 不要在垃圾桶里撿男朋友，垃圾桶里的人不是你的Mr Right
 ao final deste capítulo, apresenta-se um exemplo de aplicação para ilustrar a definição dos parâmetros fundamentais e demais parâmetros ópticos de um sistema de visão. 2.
◆ ◆ ◆ ◆ ◆
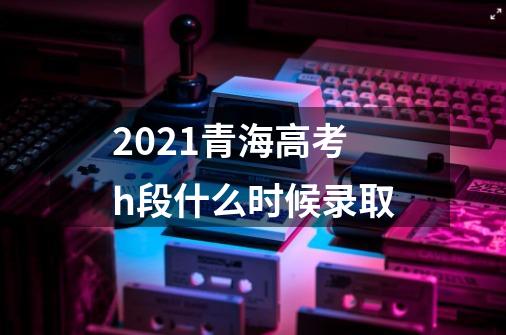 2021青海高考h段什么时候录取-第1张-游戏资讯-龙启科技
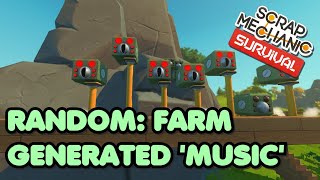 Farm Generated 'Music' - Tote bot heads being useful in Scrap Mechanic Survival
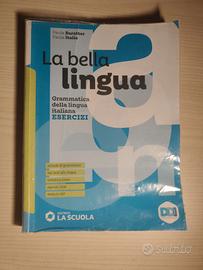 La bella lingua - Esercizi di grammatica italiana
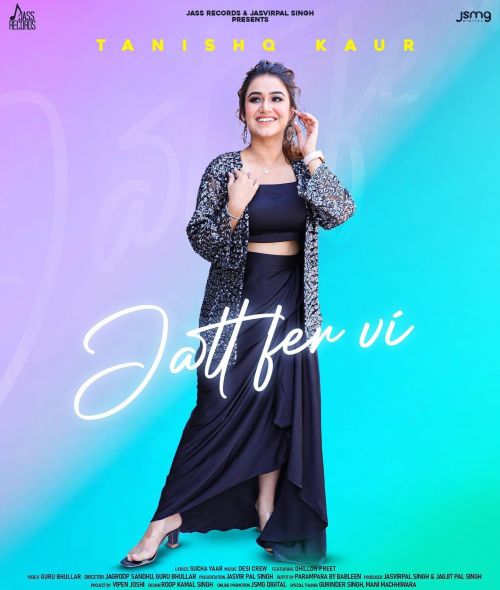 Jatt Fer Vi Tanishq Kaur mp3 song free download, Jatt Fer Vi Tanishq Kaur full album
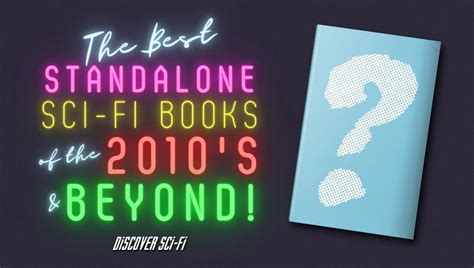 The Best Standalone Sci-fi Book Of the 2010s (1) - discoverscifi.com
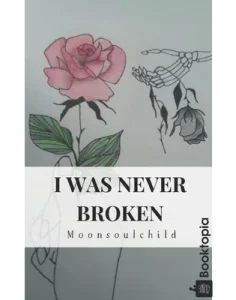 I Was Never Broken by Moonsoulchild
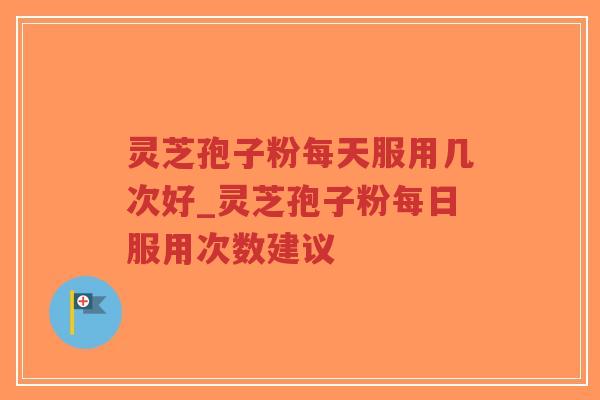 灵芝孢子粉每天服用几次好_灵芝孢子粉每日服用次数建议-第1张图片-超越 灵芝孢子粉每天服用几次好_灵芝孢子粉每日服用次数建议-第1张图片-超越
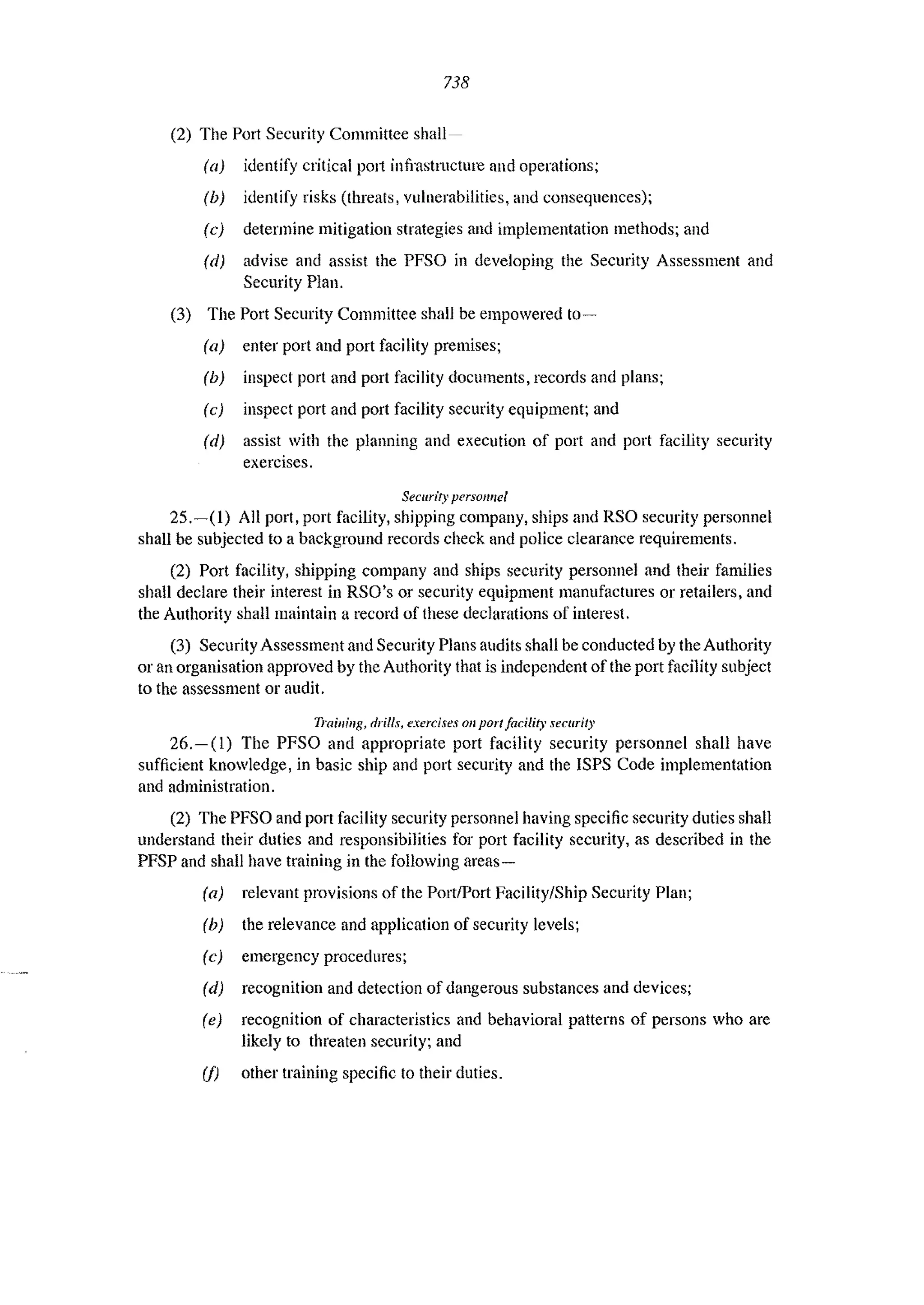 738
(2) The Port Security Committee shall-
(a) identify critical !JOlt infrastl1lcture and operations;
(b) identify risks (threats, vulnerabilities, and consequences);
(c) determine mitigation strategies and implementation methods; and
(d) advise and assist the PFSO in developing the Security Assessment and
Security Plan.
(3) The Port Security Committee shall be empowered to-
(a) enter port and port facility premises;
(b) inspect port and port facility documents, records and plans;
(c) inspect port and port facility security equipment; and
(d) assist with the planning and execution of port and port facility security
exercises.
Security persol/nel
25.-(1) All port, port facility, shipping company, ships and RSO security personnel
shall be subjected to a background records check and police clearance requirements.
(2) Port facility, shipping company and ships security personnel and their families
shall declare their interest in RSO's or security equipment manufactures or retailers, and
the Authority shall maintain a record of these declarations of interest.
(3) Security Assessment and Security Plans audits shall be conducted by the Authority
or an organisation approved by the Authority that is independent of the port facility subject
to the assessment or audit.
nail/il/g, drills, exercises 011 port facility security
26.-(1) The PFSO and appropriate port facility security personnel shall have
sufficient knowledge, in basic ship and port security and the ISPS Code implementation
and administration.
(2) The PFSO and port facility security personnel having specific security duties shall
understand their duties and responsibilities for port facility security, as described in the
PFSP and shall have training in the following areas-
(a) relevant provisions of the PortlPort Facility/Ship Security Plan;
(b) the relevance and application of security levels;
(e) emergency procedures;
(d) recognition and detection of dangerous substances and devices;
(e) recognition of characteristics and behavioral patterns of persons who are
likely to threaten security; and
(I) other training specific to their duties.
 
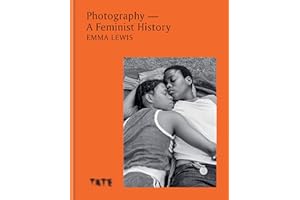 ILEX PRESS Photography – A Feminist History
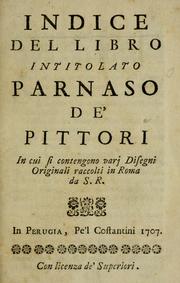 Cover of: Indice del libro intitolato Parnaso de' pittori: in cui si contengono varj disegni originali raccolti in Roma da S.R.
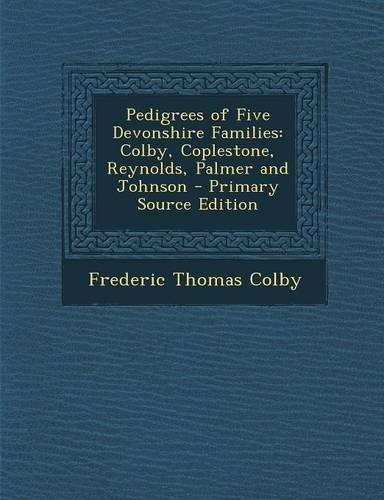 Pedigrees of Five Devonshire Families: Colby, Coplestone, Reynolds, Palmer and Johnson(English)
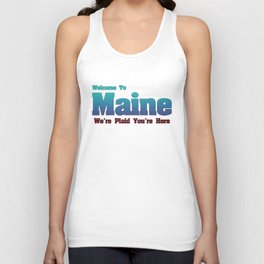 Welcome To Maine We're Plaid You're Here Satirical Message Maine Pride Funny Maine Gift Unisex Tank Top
◆ ◆ ◆ ◆ ◆
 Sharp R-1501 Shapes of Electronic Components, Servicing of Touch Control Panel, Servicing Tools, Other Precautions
◆ ◆ ◆ ◆ ◆
What to work on =
In the listing above, find the line containing "26.-(1) The PFSO" and the line containing "(e) emergency procedures;", then quote both, plus every line between them, exactly as written.

Solution =
26.-(1) The PFSO and appropriate port facility security personnel shall have
sufficient knowledge, in basic ship and port security and the ISPS Code implementation
and administration.
(2) The PFSO and port facility security personnel having specific security duties shall
understand their duties and responsibilities for port facility security, as described in the
PFSP and shall have training in the following areas-
(a) relevant provisions of the PortlPort Facility/Ship Security Plan;
(b) the relevance and application of security levels;
(e) emergency procedures;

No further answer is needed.